Authored by Sven Henrich via NorthmanTrader.com,
Some thoughts on the current market situation: Awe-inspiring volatility in markets these days and headlines keep coming non stop.
It’s heaven for fans of volatility and action, but it’s also a very dangerous time for traders. The temptation is to chase every headline and every move.
$DJIA flies up over 1,000 points and drops another 1,000 the next day and then repeats. Just 2 weeks ago we were staring at 2-3 handle ranges on $SPX intra-day for hours on end.Things have changed for now, get used to it.
Bears are having a blast right now, just accept it:
https://twitter.com/NorthmanTrader/status/1235552785078378504
Everybody can choose to approach these things as they wish, but my general view here is this:
https://twitter.com/NorthmanTrader/status/1235543474579128321
The message: Keep calm and look at the larger technical picture and choose wisely when and where to get engaged.
For anyone that had positioned short into February last week was fantastic. Bulls that had their fun riding the Fed liquidity and either listened to the warning signs and got out or are trapped at much higher prices. That’s the nature of the beast and now we’re in a period of wide range chop:
I submit that nothing what we are seeing here currently is unusual, except it is more violent now with tons of uncertainty thrown in including the concern that central banks finally lose control.
I’ve described the situation as binary and it remains to this day. Central banks either will maintain control or they won’t. The virus situation impact will either be short and painful, or it will have longer term ramifications. Unknowable at this very moment.
But as you can see in the chart above we’ve had periods like this before, a bunch of back and forth while markets negotiate the price action that ultimately it either resolves higher or lower. Genius I know. But that’s just reality.
The key, from my perspective, is not to get chopped up in the wild back and forth, but rather be elective, identify potential patterns and levels and then act on them, but also not be stubborn about anything. Everything is a trade at the moment and being opportunistic helps.
My attitude here is to look for spots that look interesting, test out the levels and if they work (short or long) then ride the counter move and scale out along the way.

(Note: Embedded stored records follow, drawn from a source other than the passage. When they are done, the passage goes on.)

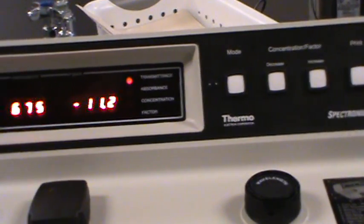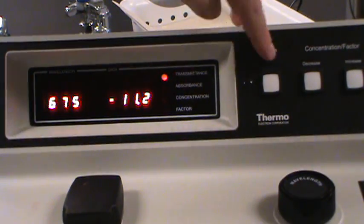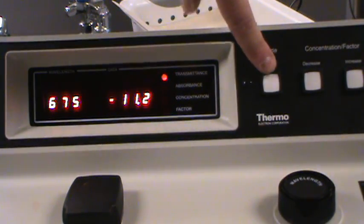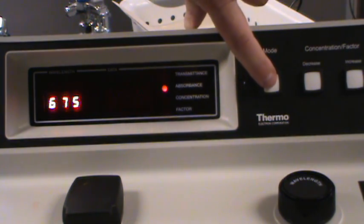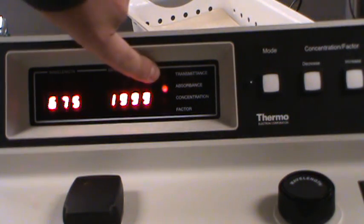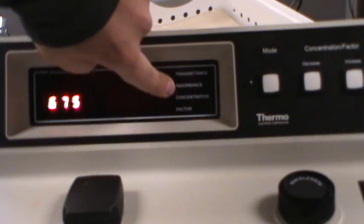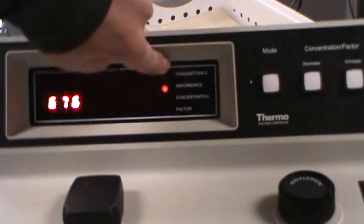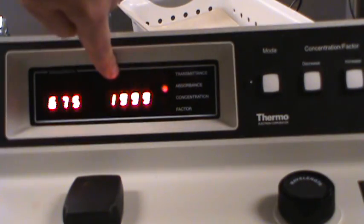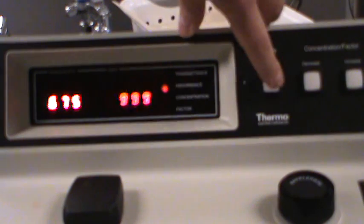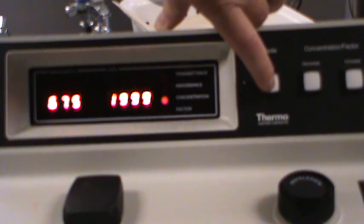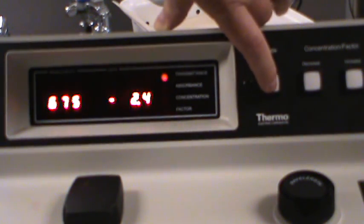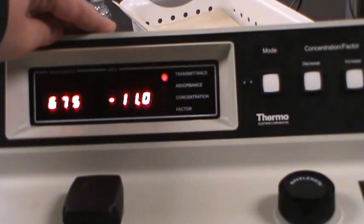What about that last button? Mode. Well let's take a look. What happens if I push mode? Oh the selector just moved down. So mode just lets us go through our four display options. So transmittance, absorbance, concentration, factor, and right back to transmittance. So that's a little tour of the instrument.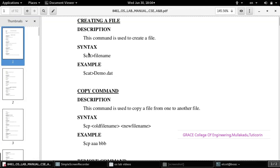First, we will go to create a file. The syntax is the general format to create a new file. As an example, we are creating the file 'demo.dat' — we can create any file, a dot file or a text file, using the cat command, which means concatenation. The syntax for the cat command is: cat greater-than filename.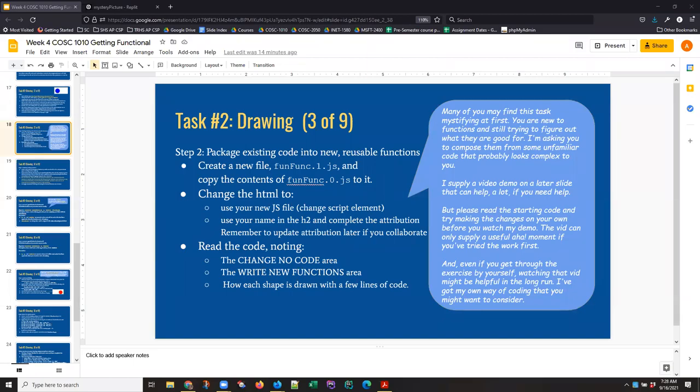Hi, this is Anne with a screencast on how to take inline code and insert it into a function and create code that you can reuse over and over again by simply calling that function and giving it different arguments, telling it to do slightly different things.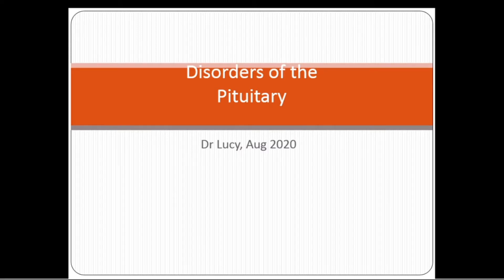Welcome to this series of lectures in medicine. My name is Dr. Lucy. We will put links in the description below so that you can check our other videos. In today's episode we are going to talk about the disorders of the pituitary gland.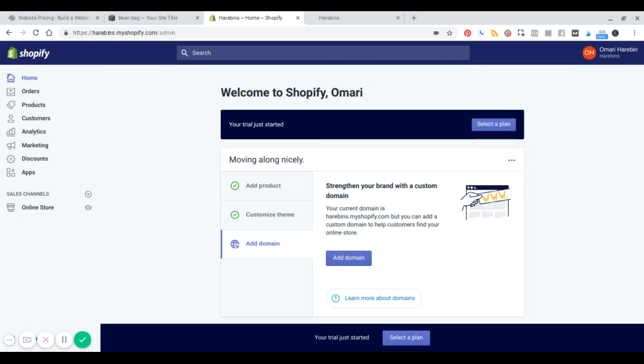Hey, what's going on? This is Ross Omari of SQSPThemes.com. Today, I'm going to do a side-by-side comparison of Squarespace versus Shopify.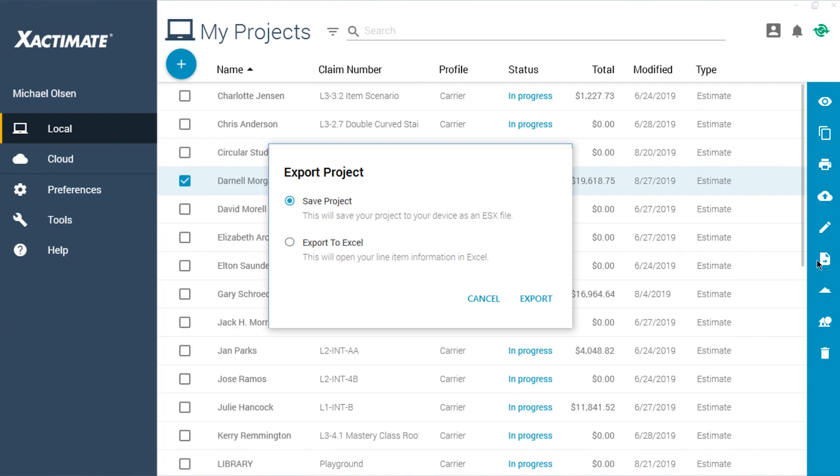You'll have the option to either save the project as an ESX file or to export to Excel. Choose the option for Excel, then click Export.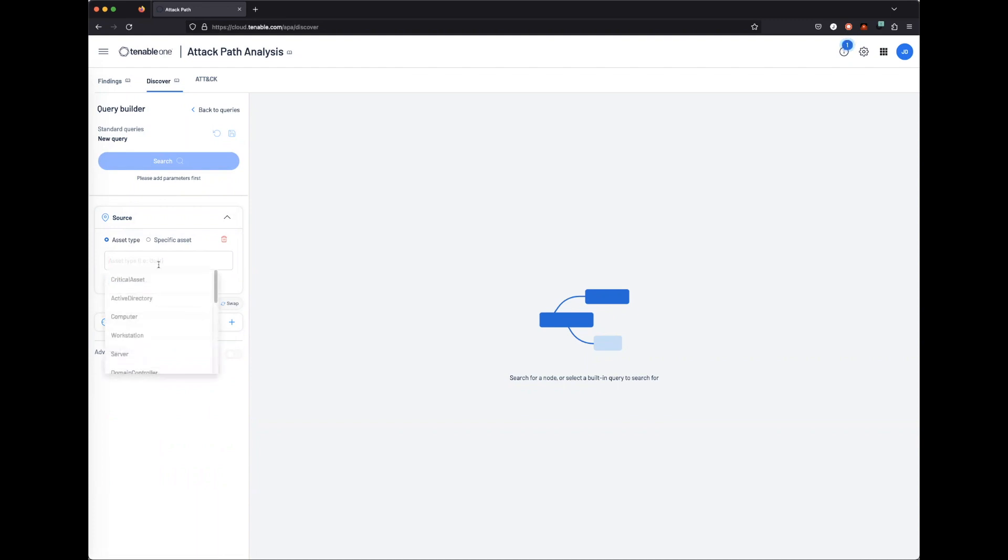When we're dealing with asset types, we classify these based off the asset string that we're ingesting from Nessus and Tenable.80.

I showed an example from our subscriber feed on twitter yesterday (see thread), this one from the long side identifying the pivot price zone to come:
then highlighting the engagement zone:
And then we saw the violent reaction to the upside yesterday:
This pattern remains unconfirmed and looks to be in trouble as of this morning, but that was a massive rip to the upside yesterday as markets moved 4% higher in a day. And that’s the point: These markets are massively volatile at the moment and one has to pick one’s spots to get engaged in and then be flexible enough to also reduce risk and lock in gains on moves such as this.
When else will you get 3%-4% moves every day? The answer is very rarely.
At market extremes people tend to get very caught up of what could happen. Just a few weeks ago everybody was rising price targets everywhere and people were screaming buy buy buy. Now we see people getting ever more bearish and calling for ever lower price targets. Stop. It’s pointless making grandiose predictions right now and get caught up in them. Yes, anything can happen, and I also remain very much open to a structural bear case, having made it repeatedly on the way up and calling out the risks.
We are engaged in a massive battle for control here between central banks, the structural problems in the global economy and now a crisis that has popped on the scene out of the blue.
Markets may appear to be in panic mode right now, but that doesn’t mean we need to be. Rather our job is exactly the opposite. To keep calm and not lose sight of the bigger picture, and most importantly: Not lose sight of the technicals as they help guide us through this mess.